L’azienda si chiama “Impossible Objects”. Il nome già rivela l’obiettivo a cui aspira: realizzare un’apparecchiatura in grado di produrre con tecnologia “additive manufacturing” oggetti finora inimmaginabili.
Il principio fisico della produzione incrocia quello tipico della stampanti 3D con tecnologie di pressofusione, risultando così estremamente promettente per lavorare materiali basati su fibra di carbonio, fibra di vetro e Kevlar.
Come illustrato nella figura, il singolo foglio di materiale fibroso viene “disegnato” con la forma opportuna depositando con tecnologia 3D printing tradizionale un apposito fluido adesivo. Il foglio così trattato, viene spolverizzato di polimero, che viene successivamente rimosso da tutte le aree meno quelle bagnate dal fluido adesivo. A questo punto si mette un altro foglio di fibra e si ripete il processo per il numero di fogli necessari a raggiungere le dimensioni dell’oggetto.

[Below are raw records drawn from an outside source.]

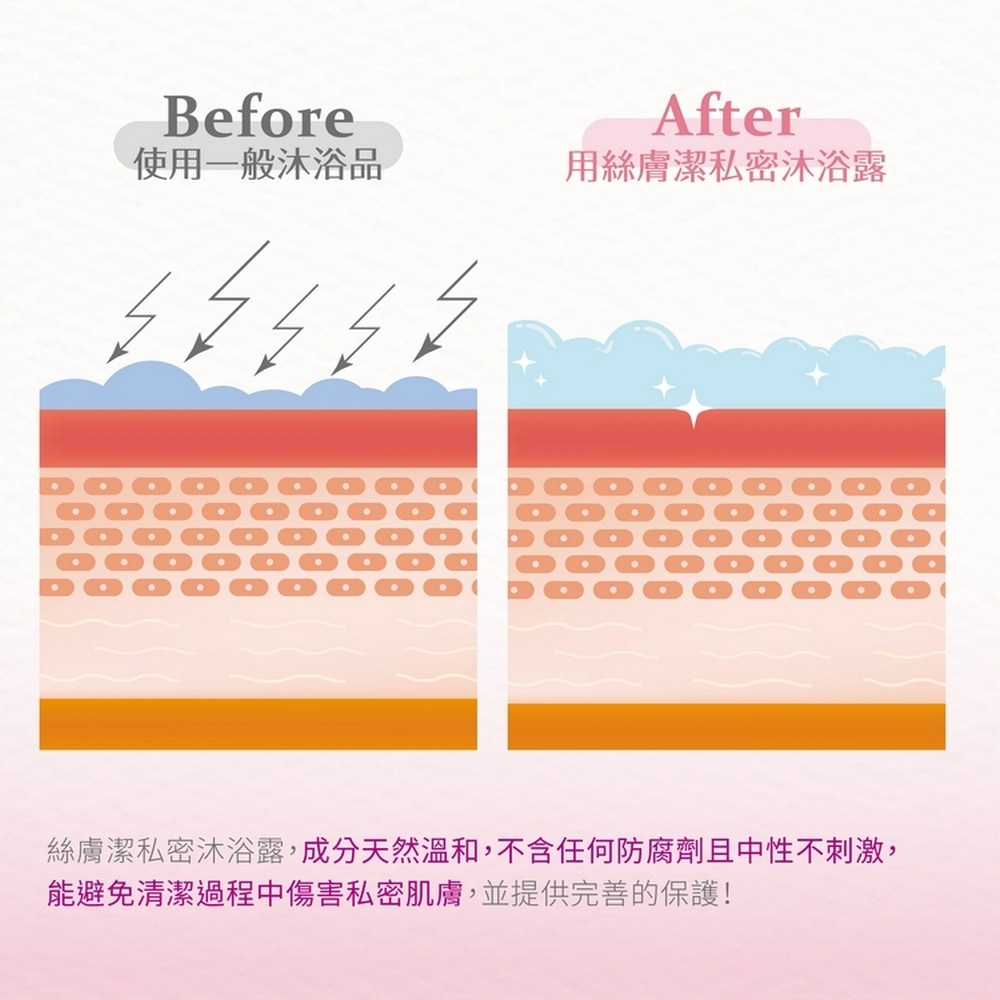 【新包裝】Saforelle 絲膚潔沐浴露 250ml (日用潔淨)私密處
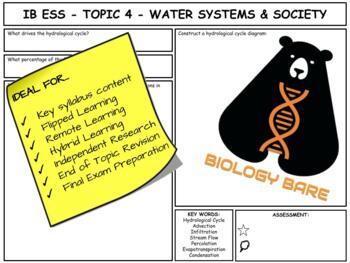Preview of IB ESS - Topic 4 - Water, Food Production Systems & Society - Summary Sheets
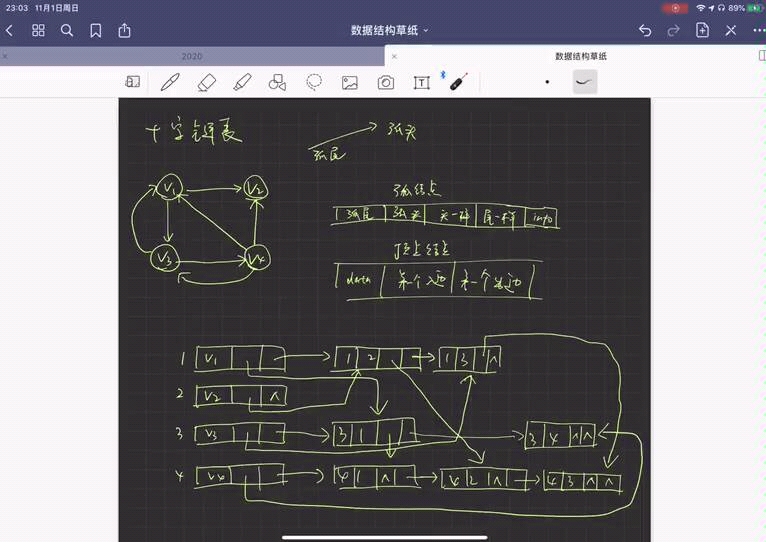 一分钟会画十字链表/十字链表一个比较快的画法哔哩哔哩bilibili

Questo wafer multistrato viene poi pressato e scaldato fino alla temperatura necessaria per rimuovere il materiale non fissato dal polimero, ottenendo la figura richiesta.
Questa nuova modalità produttiva si chiama “composite-based additive manufacturing technology” (CBAM) e risulta essere di particolare interesse per tutti quei settori produttivi che fanno un vasto uso di materiali in fibra. Primi fra tutti l’auto, l’aerospazio, l’elettronica di consumo, la difesa, i dispositivi medicali.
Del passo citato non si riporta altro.